PROBLEM TO WORK ON:
Exclude the pictures and transcribe the rest of the data below exactly.
-- DATASET EXCERPT follows --
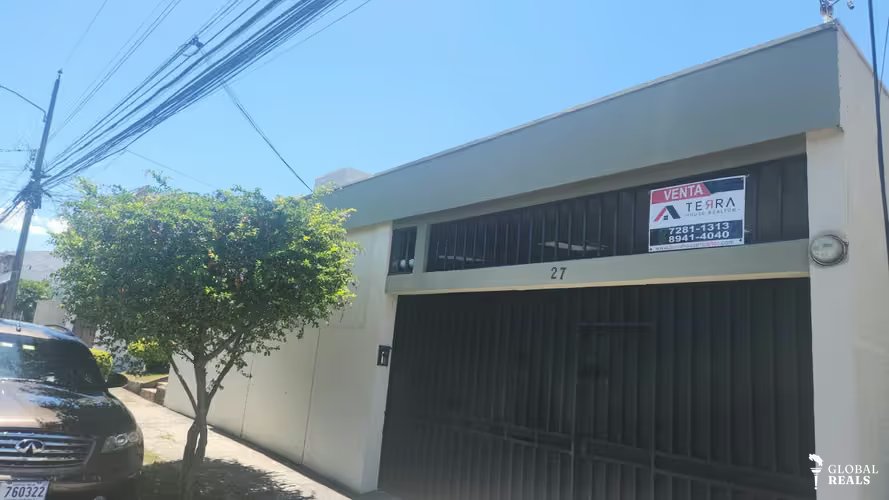ROHRMOSER CERCA DEL BVD. Y PARQUE LLAMA DEL BOSQUE 336 m2 T. 300 m2 C.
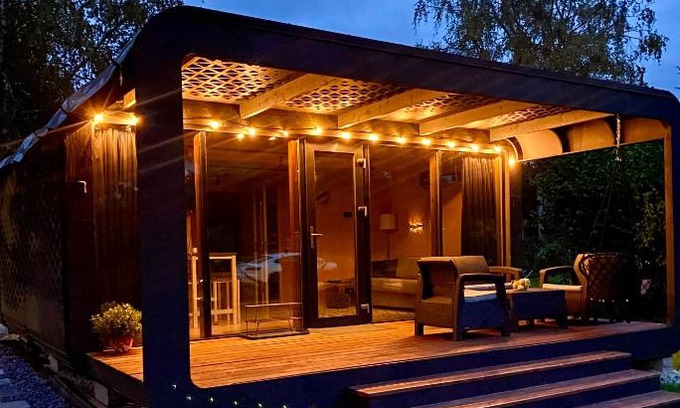 Pringi House | A tiny house with a garden and a hot tube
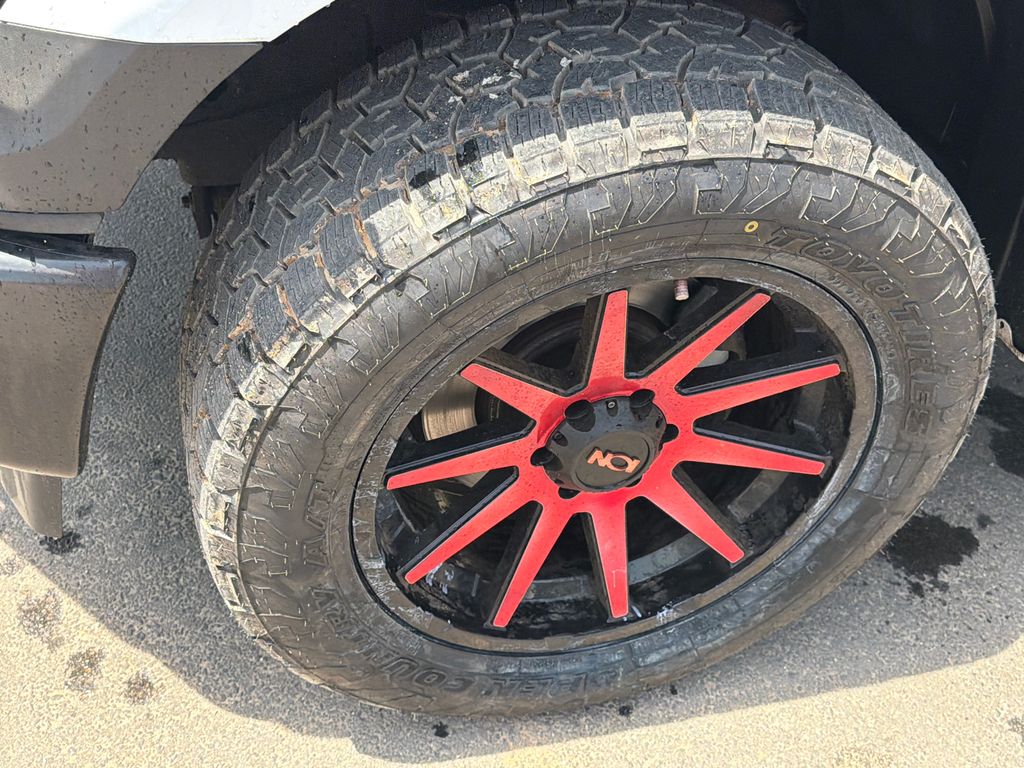 Used 2017 White Ford XL image 11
-- DATASET EXCERPT concluded --
WRITTEN RESPONSE:
ROHRMOSER CERCA DEL BVD. Y PARQUE LLAMA DEL BOSQUE 336 m2 T. 300 m2 C.
 Pringi House | A tiny house with a garden and a hot tube
 Used 2017 White Ford XL image 11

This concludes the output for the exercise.